CHAP. IV.

THE KING OF FRANCE SUMMONS MANTES TO SURRENDER,—WHICH IT DOES, AND IS TAKEN POSSESSION OF, IN THE NAME OF THE KING, BY THE COUNT DE DUNOIS, HIS LIEUTENANT-GENERAL.

On the 26th of this same month of August, and on the morrow of the feast of St Louis, the king left Chartres with a noble company, and fixed his quarters at Château-neuf-en-Timerais[9], and, the same day, sent his heralds to summon the garrison of Mantes,—which town was held and occupied against his will. While the heralds were on their embassy, the counts de Dunois and St Pol arrived with five or six hundred combatants, the same day, before the town of Mantes, and summoned the inhabitants to return to their obedience to the king of France. They at first refused, from fear of the garrison, although in their hearts they were well inclined to obey the summons,—and the lieutenant-general ordered preparations for an immediate attack.

The inhabitants noticed this, but were fearful that the english garrison, amounting to two hundred and sixty men, under the command of sir Thomas Hos[10], knight, and chancellor for the king of England in these parts, would make a defence. He was indeed not in the town; but his lieutenant, Thomas de Sainte Barbe, bailiff of the place, was present, and determined on resistance as long as he could. The inhabitants, therefore, foreseeing the ruin of their town, caused the bailiff to be informed, that if he would not enter into a capitulation for the surrender of the place, they should certainly do so. This they would not have dared to say, if they had not felt themselves the strongest; and the better to force the English to terms, they seized the tower and gate called the Port-au-Saint, with the whole of that quarter, and then went in a body to the lieutenant-general, and concluded with him a treaty for the surrender of their town.

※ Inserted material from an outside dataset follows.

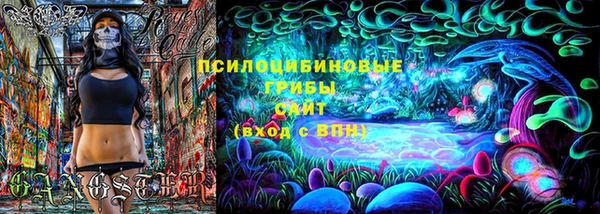 кристаллы Вяземский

The English were desirous of making resistance, and would have opposed the French, had not this tower and its defences been occupied by the townsmen. A copy of the capitulation was sent them, about four o'clock in the afternoon, by a herald accompanied by fifty men at arms, who were received by the inhabitants, and posted in this tower, to guard them against the English, should there be occasion. Although the lieutenant-governor had accepted the terms for himself and his companions the bailiffs, the count de Dunois remained with his army in order of battle before the walls from morning to evening, when he entered the place with a strong detachment, to guard the inhabitants from pillage and other mischiefs, which men at arms were accustomed to do on similar occasions,—and also to confirm the townsmen in their loyalty and obedience toward the king.